Bug 742288

Summary: RFC2307bis initgroups calls are slow
Product: Red Hat Enterprise Linux 6 Reporter: Jakub Hrozek <jhrozek>
Component: sssdAssignee: Stephen Gallagher <sgallagh>
Status: CLOSED ERRATA QA Contact: IDM QE LIST <seceng-idm-qe-list>
Severity: unspecified Docs Contact:
Priority: unspecified    
Version: 6.2CC: grajaiya, jgalipea, jzeleny, kbanerje, prc
Target Milestone: rc   
Target Release: ---   
Hardware: Unspecified   
OS: Unspecified   
Whiteboard:
Fixed In Version: sssd-1.5.1-59.el6 Doc Type: Bug Fix
Doc Text:
Cause: SSSD stores all users and groups retrieved from remote server in its local cache. When writing to this cache, transactions are used. In case RFC 2307bis schema was used, one transaction was used for each entity stored in the cache. Consequence: The initgroups operation performed too many disk writes when the RFC2307bis schema was used, slowing the operation down. Fix: All entities retrieved from remote server are first stored in an internal hash table and then only a single transaction is used to store all the groups and their memberships Result: The initgroups operation is now faster, especially for users who are members of large number of groups.
Story Points: ---
Clone Of:
: 748820 (view as bug list) Environment:
Last Closed: 2011-12-06 16:40:37 UTC Type: ---
Regression: --- Mount Type: ---
Documentation: --- CRM:
Verified Versions: Category: ---
oVirt Team: --- RHEL 7.3 requirements from Atomic Host:
Cloudforms Team: --- Target Upstream Version:
Embargoed:
Bug Depends On:    
Bug Blocks: 748554, 748820    

Description Jakub Hrozek 2011-09-29 15:32:01 UTC
Description of problem:
Several users have reported recently that using RFC2307bis performs very slowly on initgroups() requests. One user stated that moving the cache to /dev/shm resulted in significant performance gains*.

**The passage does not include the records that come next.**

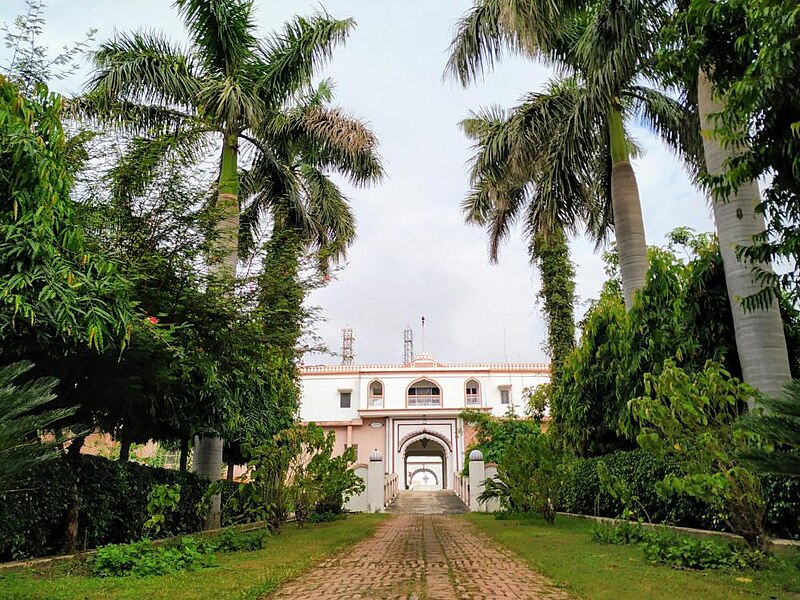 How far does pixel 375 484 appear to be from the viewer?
1939cm

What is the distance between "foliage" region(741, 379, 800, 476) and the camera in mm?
4148

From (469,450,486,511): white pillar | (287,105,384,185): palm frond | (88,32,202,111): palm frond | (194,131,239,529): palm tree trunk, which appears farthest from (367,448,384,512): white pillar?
(88,32,202,111): palm frond

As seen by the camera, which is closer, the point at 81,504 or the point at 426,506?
the point at 81,504

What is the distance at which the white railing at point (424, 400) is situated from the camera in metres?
34.2

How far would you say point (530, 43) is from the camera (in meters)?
8.89

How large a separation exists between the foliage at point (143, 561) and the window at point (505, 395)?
28.5m

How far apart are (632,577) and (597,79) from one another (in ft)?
25.1

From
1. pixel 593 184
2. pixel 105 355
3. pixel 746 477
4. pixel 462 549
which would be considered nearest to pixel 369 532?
pixel 462 549

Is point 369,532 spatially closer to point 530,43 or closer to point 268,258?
point 268,258

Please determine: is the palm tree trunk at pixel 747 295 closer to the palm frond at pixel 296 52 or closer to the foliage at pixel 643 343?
the foliage at pixel 643 343

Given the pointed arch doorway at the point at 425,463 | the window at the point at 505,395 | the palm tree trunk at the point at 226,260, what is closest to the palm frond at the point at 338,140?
the palm tree trunk at the point at 226,260

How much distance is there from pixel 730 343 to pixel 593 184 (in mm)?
6017

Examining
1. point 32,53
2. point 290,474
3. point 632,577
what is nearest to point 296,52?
point 32,53

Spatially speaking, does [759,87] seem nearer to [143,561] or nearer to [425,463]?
[143,561] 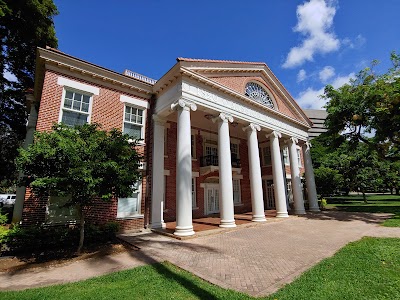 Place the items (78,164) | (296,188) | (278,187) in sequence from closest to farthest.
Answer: (78,164), (278,187), (296,188)

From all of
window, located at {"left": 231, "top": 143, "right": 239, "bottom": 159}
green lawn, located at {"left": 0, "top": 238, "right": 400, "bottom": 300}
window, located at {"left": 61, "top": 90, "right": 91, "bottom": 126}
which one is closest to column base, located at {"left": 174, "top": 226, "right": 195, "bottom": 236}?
green lawn, located at {"left": 0, "top": 238, "right": 400, "bottom": 300}

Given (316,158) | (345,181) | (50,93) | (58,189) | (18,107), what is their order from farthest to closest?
1. (316,158)
2. (345,181)
3. (18,107)
4. (50,93)
5. (58,189)

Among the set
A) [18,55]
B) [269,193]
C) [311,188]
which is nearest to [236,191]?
[269,193]

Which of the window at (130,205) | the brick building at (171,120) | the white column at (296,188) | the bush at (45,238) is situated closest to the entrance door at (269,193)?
the white column at (296,188)

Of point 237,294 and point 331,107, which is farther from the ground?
point 331,107

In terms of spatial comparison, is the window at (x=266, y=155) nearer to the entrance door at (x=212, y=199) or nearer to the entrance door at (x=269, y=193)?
the entrance door at (x=269, y=193)

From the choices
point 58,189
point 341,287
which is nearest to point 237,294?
point 341,287

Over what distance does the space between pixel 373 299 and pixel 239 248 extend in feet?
→ 13.6

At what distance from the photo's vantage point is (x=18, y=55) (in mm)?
15242

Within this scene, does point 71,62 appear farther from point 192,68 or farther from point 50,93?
point 192,68

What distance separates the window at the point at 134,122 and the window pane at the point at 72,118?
82.3 inches

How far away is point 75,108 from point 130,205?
544cm

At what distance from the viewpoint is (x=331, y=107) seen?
14.8 m

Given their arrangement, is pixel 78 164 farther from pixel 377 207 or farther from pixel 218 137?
pixel 377 207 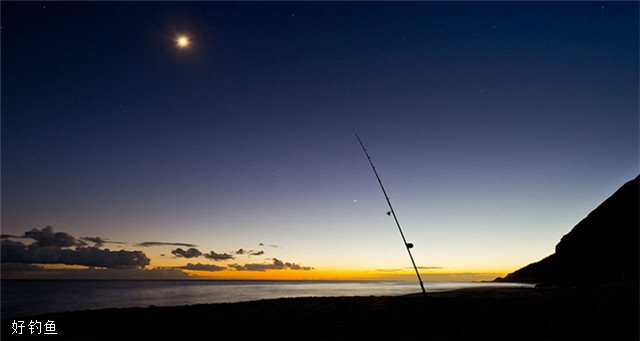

While going through the RFC3207bis code to address ticket #868, I think I have identified the real problem here. We are performing far too many transactions when dealing with nested groups.

We have a transaction for saving the original user, then another to save the user's direct groups, then one transaction per group above the first level for saving nested groups. This results in a large number of probably unnecessary disk-writes.

We need to save the group information we gather until the very end of processing and save it in a single transaction. This should provide a marked performance improvement. 

Version-Release number of selected component (if applicable):
sssd-1.5.1-52.el6

How reproducible:
performance issue

Steps to Reproduce:
1. remove SSSD caches
2. time id <user>
  
Actual results:
The number of transactions is high resulting in a performance bottlenec

Expected results:
Fewer transactions and better performance

Comment 1 Stephen Gallagher 2011-09-30 11:56:49 UTC
Upstream ticket:
https://fedorahosted.org/sssd/ticket/1006

Comment 3 Kaushik Banerjee 2011-10-25 15:28:36 UTC
Verified in version:
# rpm -qi sssd | head
Name        : sssd                         Relocations: (not relocatable)
Version     : 1.5.1                             Vendor: Red Hat, Inc.
Release     : 60.el6                        Build Date: Tue 18 Oct 2011 10:44:48 PM IST
Install Date: Wed 19 Oct 2011 07:42:05 PM IST      Build Host: x86-003.build.bos.redhat.com
Group       : Applications/System           Source RPM: sssd-1.5.1-60.el6.src.rpm
Size        : 3615306                          License: GPLv3+
Signature   : (none)
Packager    : Red Hat, Inc. <http://bugzilla.redhat.com/bugzilla>
URL         : http://fedorahosted.org/sssd/
Summary     : System Security Services Daemon


Verified that there were no regressions in the initgroups test cases from automation test suites.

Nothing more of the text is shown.